You are Significantly More Significant than You Know!

“There is nothing insignificant in the world.

It all depends on your point of view.”

~ Johann Wolfgang von Goethe

Point of View

 

Once can never know when decisions we make or actions we take, whether big or small, can make tremendous impacts upon the lives of strangers. By performing to the very best of your ability every day, and focusing on doing good for other people, one person can create a chain of events that may change the world.

Consider the story of the Scottish farmer, a man named Mr. Fleming. One day he was out tending to his fields when he heard someone shouting for help. Without hesitating, he immediately stopped what he was doing and ran to the aid of whoever it was that was in distress.

A young boy had gotten himself stuck in a bog, slowly sinking into the spongy quicksand. The farmer pulled the young man free of the mud, saving his life. The boy gratefully thanked him, and was on his way.

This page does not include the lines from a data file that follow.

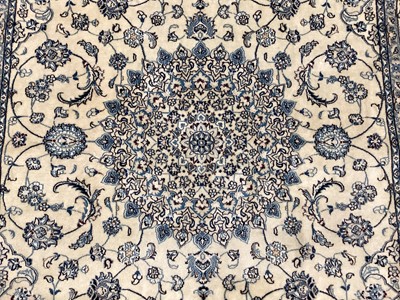 Lot 1511 - Nain rug, approximately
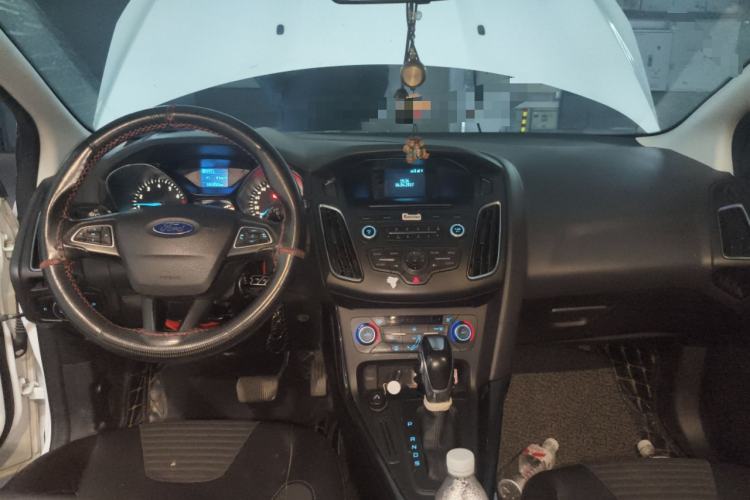 Used Ford Focus 2015 Hatchback 1.6L Automatic Fashion Edition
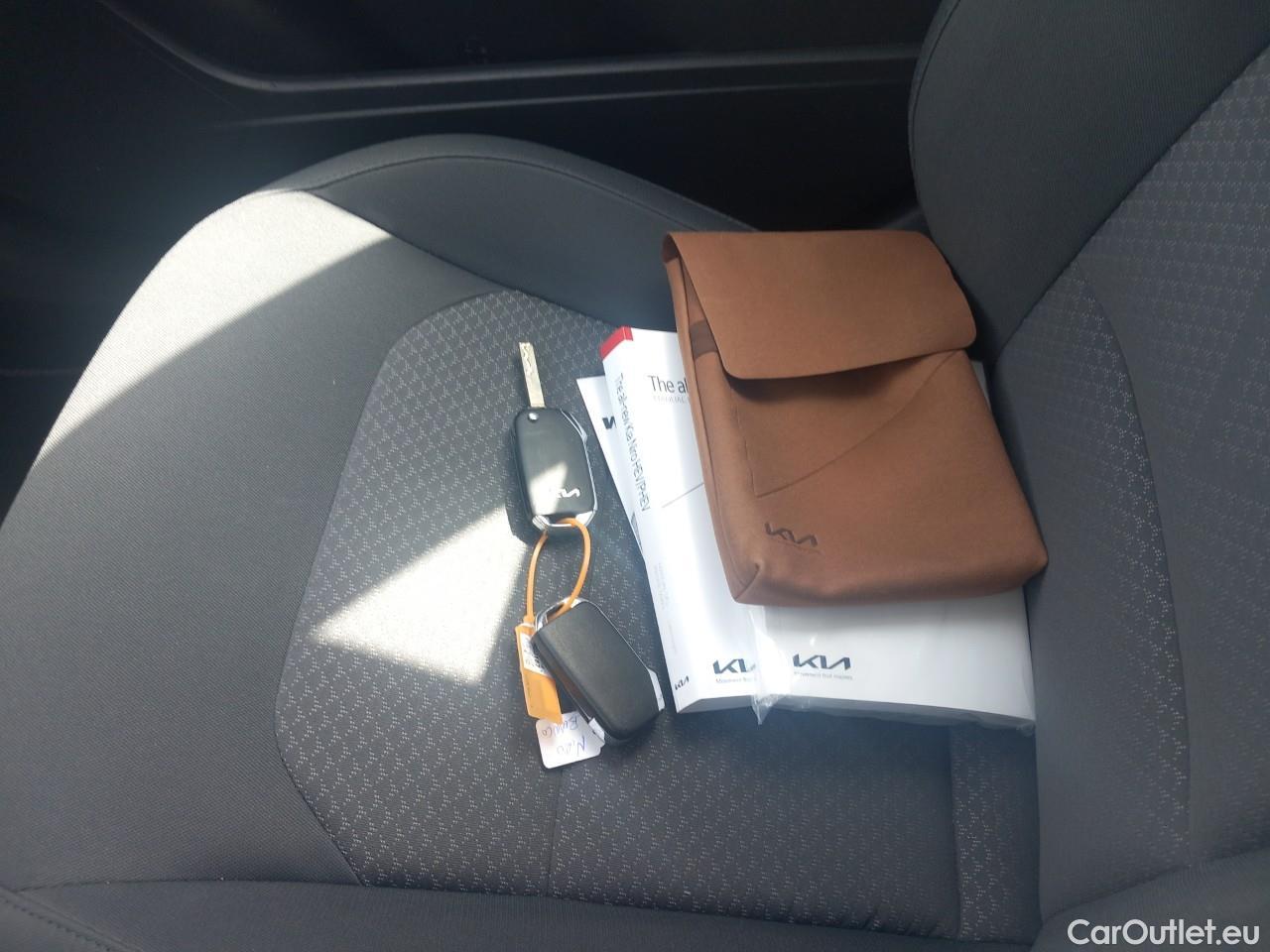  KIA  Niro  Hybrid Concept 1.6 AT6 E6d #4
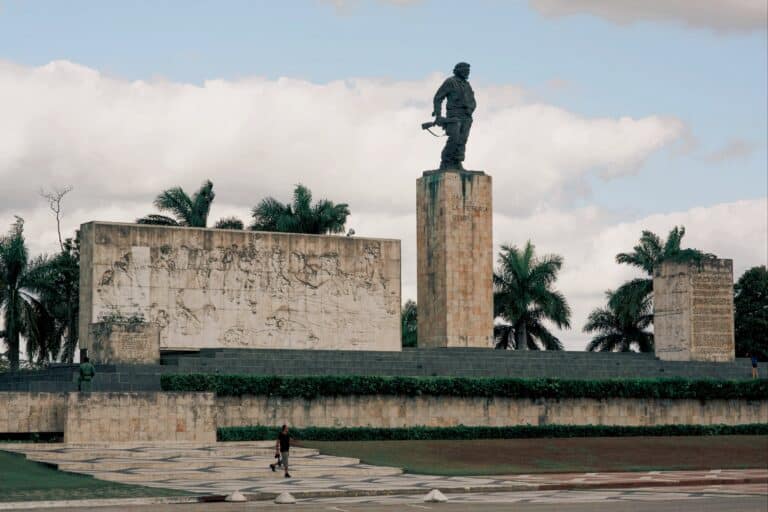 Visit Guevara's Mausoleum in Santa Clara - Cuba
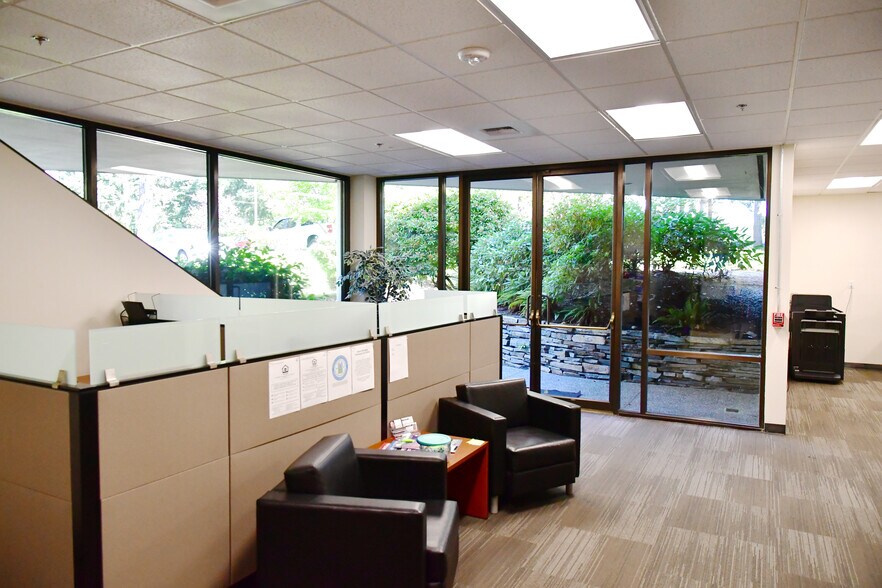 More Photos Of 33434 8th Ave S, Federal Way Office For Lease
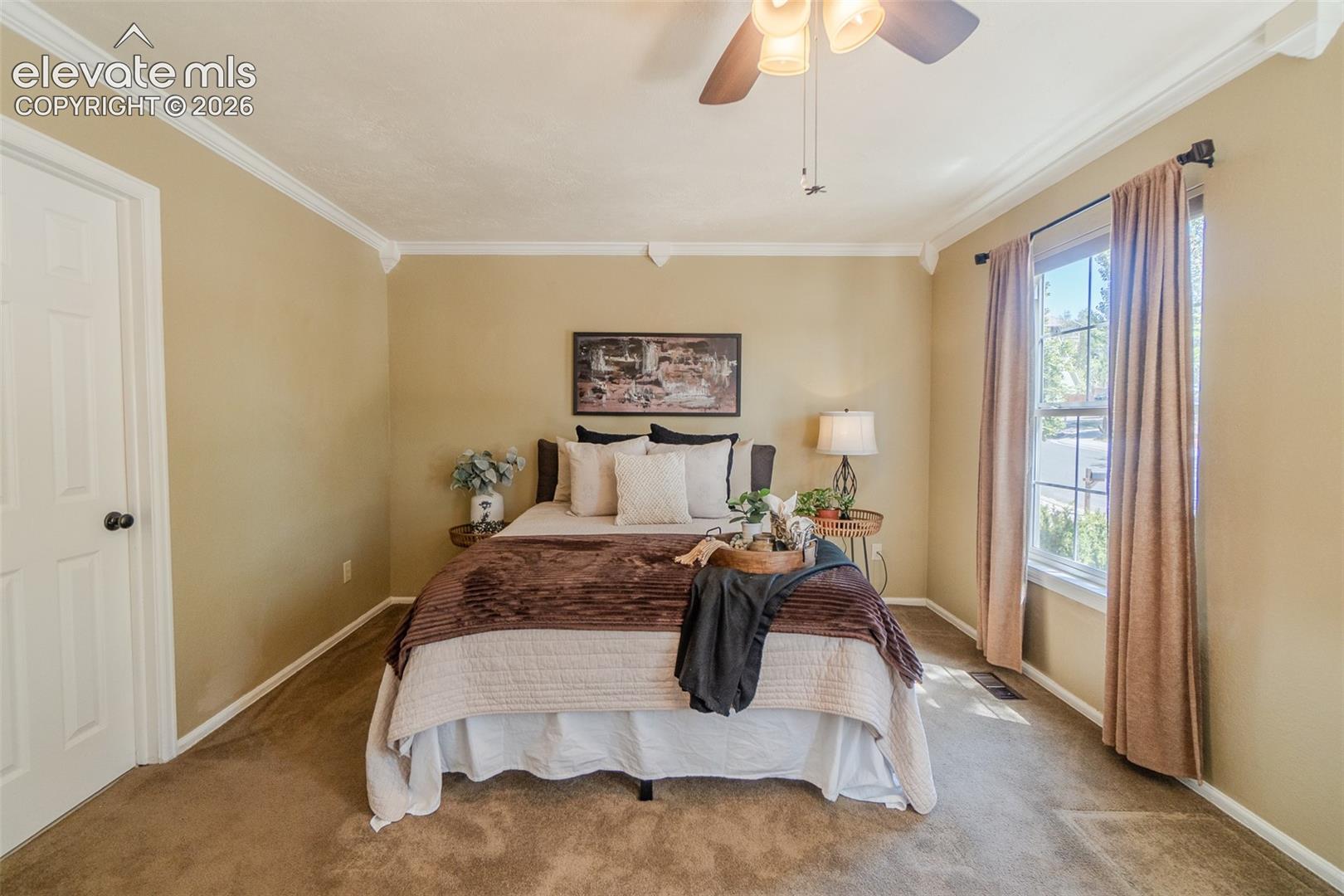 6870 Riverwood Lane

A few days had passed, when a lavish horse drawn carriage arrived at the farmers home. A very wealthy man wanted to thank Mr. Fleming for saving the life of his son, and felt compelled to repay him. The farmer, however, refused payment, saying “no payment is necessary, I would have done this for any man or woman.” The farmer’s son then came outside of their aged and time-worn house, and the wealthy man immediately knew how to repay the farmer. He explained, “if you will not take any reward for saving my son’s life, allow me to educate your son at the finest schools as though he were my own”. The farmer thought it over, and agreed to his generous offer, knowing he could never be able to provide is son with such an opportunity.

The boys were taught and cultivated at the best educational facilities of the day, and the farmers son eventually became a doctor. The wealthy family still faced difficult times, however. Soon after graduating, the boy who nearly lost his life to a muddy bog contracted polio. Fortunately, Alexander Fleming, the son of the Scottish farmer, had invented a treatment for polio – you probably know it as penicillin. The now twice-saved wealthy boy was Winston Churchill, one of the greatest leaders the modern world has ever seen.

In hindsight, it is easy to connect the dots from early interactions, and follow the chain of events for many things, but at first, small actions can seem insignificant and have no discernible connection to other people. The most important action taken in this story was not the saving of the boy from the bog, but that of the farmer’s graciousness, in not taking a reward for saving the young man’s life. The world events which occurred so many years later, under the leadership of Winston Churchill, would never have taken place, had one man not acted so selflessly and reached out to take the hand of a boy in distress.

Have faith in humanity, and know that altruistic choices and actions are seeds that you plant, seeds which will over time sprout and grow in ways you cannot imagine, and will sometimes never even know about.

Do good! Be good! You are significantly more significant than you know!